(Short descriptive text snippets)
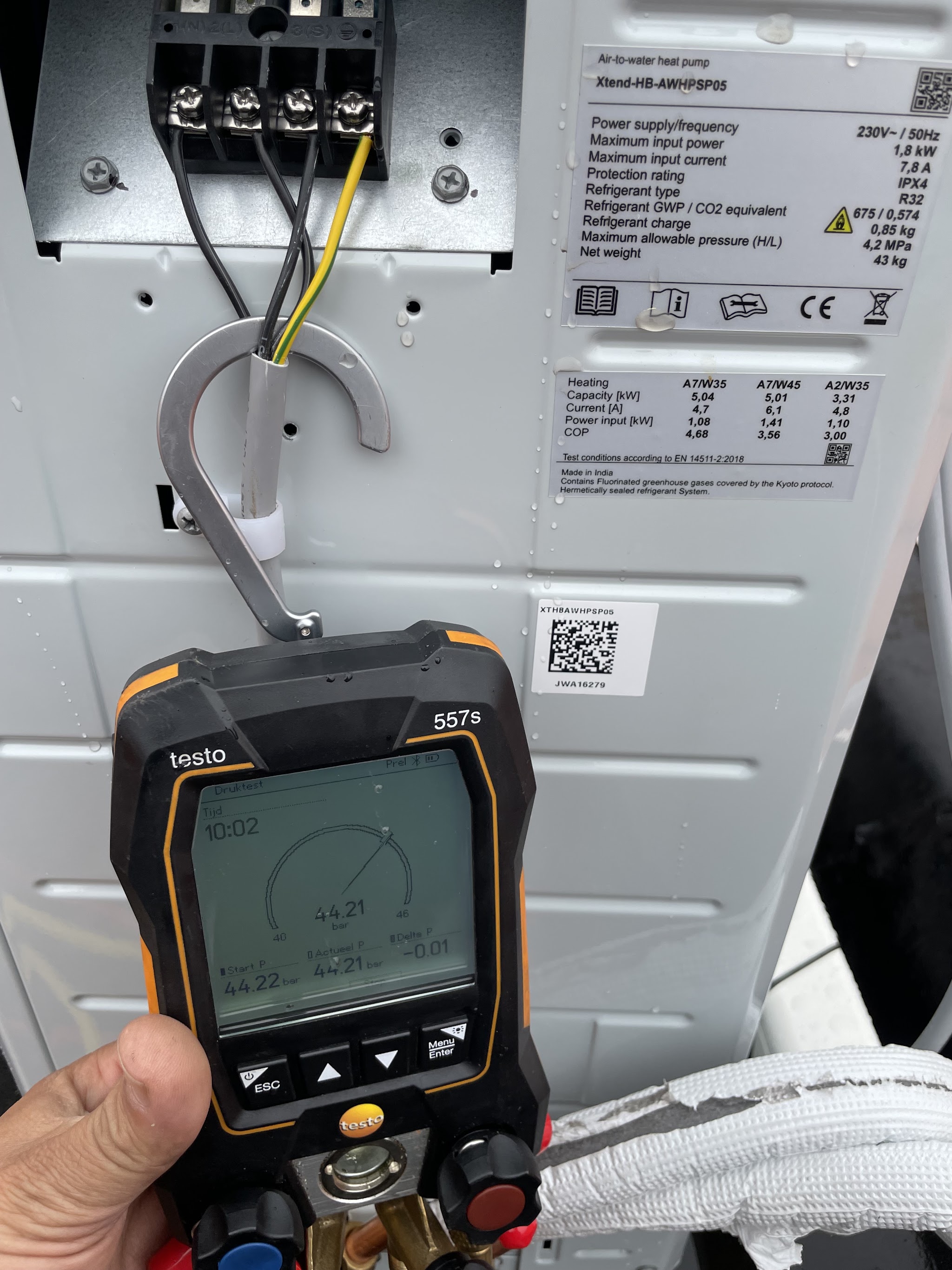 Hand met een Testo digitale meetset voor het typeplaatje van een lucht-water-warmtepomp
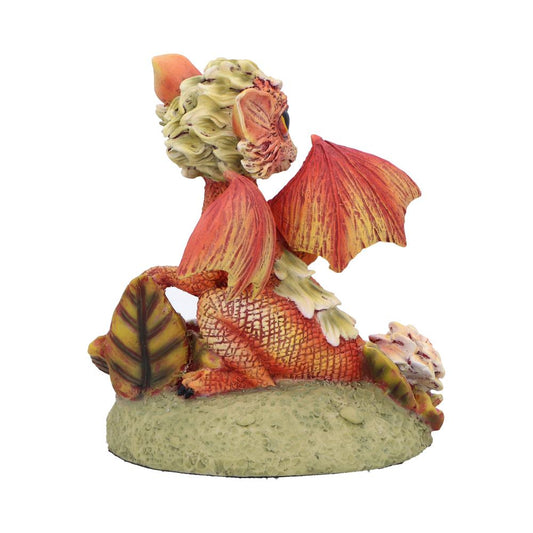 Small sculpted dragon sits on a textured green base, wings partially raised, orange and yellow scales with leaf-like mane, curled tail and decorative leaves against a plain white background.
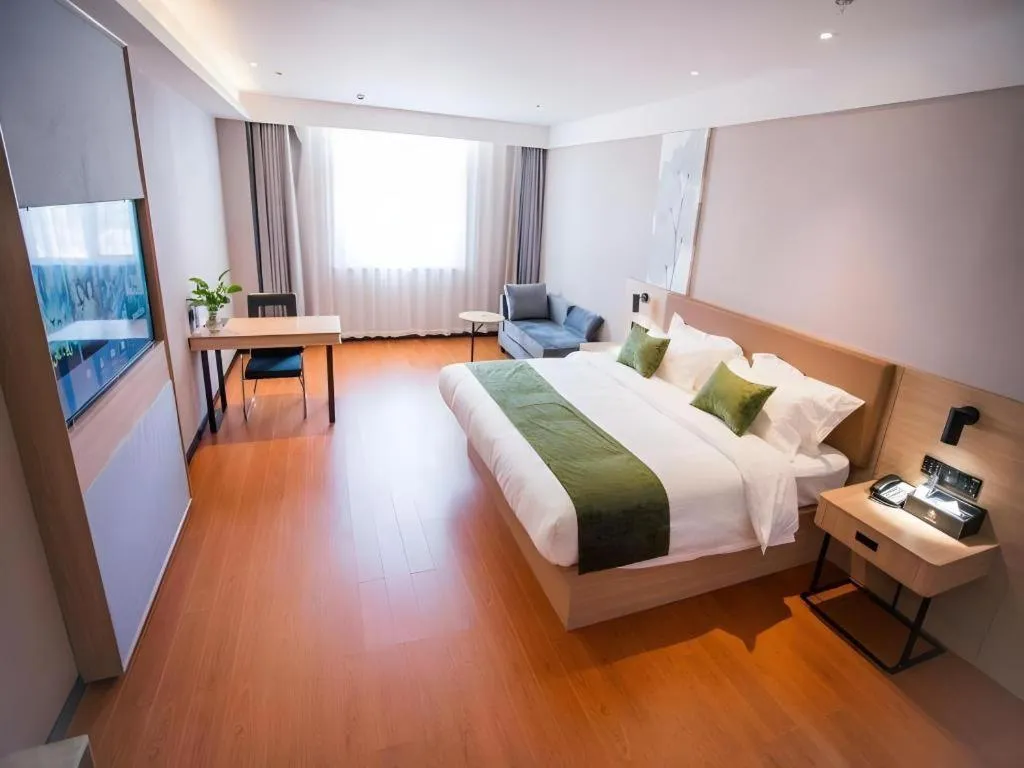 Bed in GreenTree Inn Tangshan Nanhu International Exhibition Center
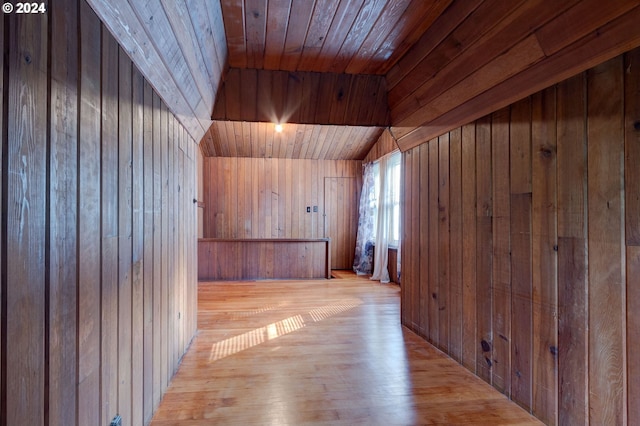 bonus room featuring wooden walls, vaulted ceiling, wood ceiling, and light hardwood / wood-style floors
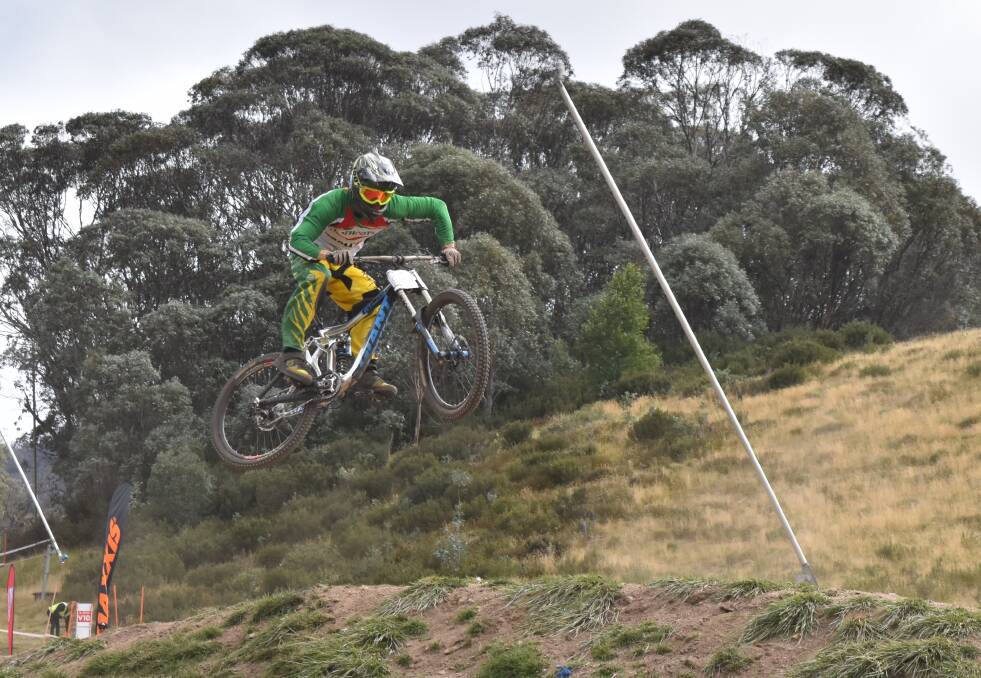 Flying: A Heathcote High School rider goes airborne at the Australian Interschools Mountain Bike Championships held in Thredbo. Picture: Jake and Kylie Voysey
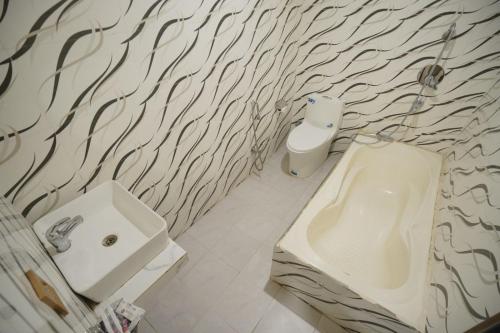 a bathroom with a sink and a toilet at Chandrama Hotel and Restaurant in Sauraha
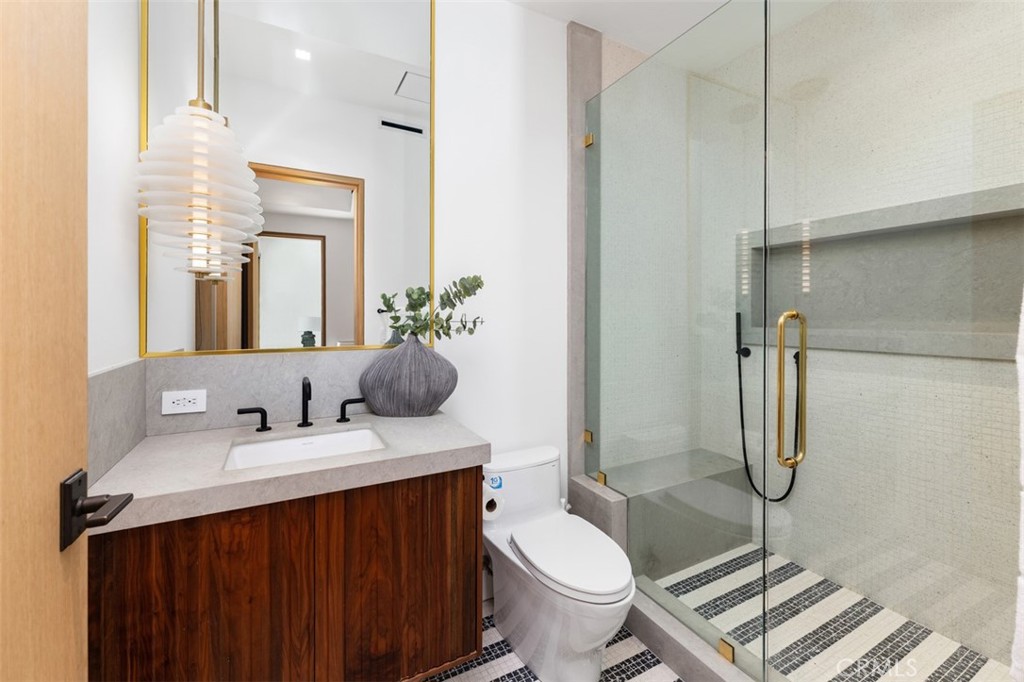 Third en-suite with custom Italian tile and light fixture - 2398 Redlands Drive, Newport Beach CA 92660 - photo 22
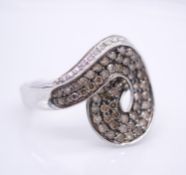 An 18 carat white gold diamond and champagne diamond spiral design dress ring. Set with twenty round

Problem requirements: The answer must be an exact transcription of the lines from the one holding "Bed in GreenTree" to the last line of the entries above, with no pictures and nothing else.

Answer to the problem:
 Bed in GreenTree Inn Tangshan Nanhu International Exhibition Center
 bonus room featuring wooden walls, vaulted ceiling, wood ceiling, and light hardwood / wood-style floors
 Flying: A Heathcote High School rider goes airborne at the Australian Interschools Mountain Bike Championships held in Thredbo. Picture: Jake and Kylie Voysey
 a bathroom with a sink and a toilet at Chandrama Hotel and Restaurant in Sauraha
 Third en-suite with custom Italian tile and light fixture - 2398 Redlands Drive, Newport Beach CA 92660 - photo 22
 An 18 carat white gold diamond and champagne diamond spiral design dress ring. Set with twenty round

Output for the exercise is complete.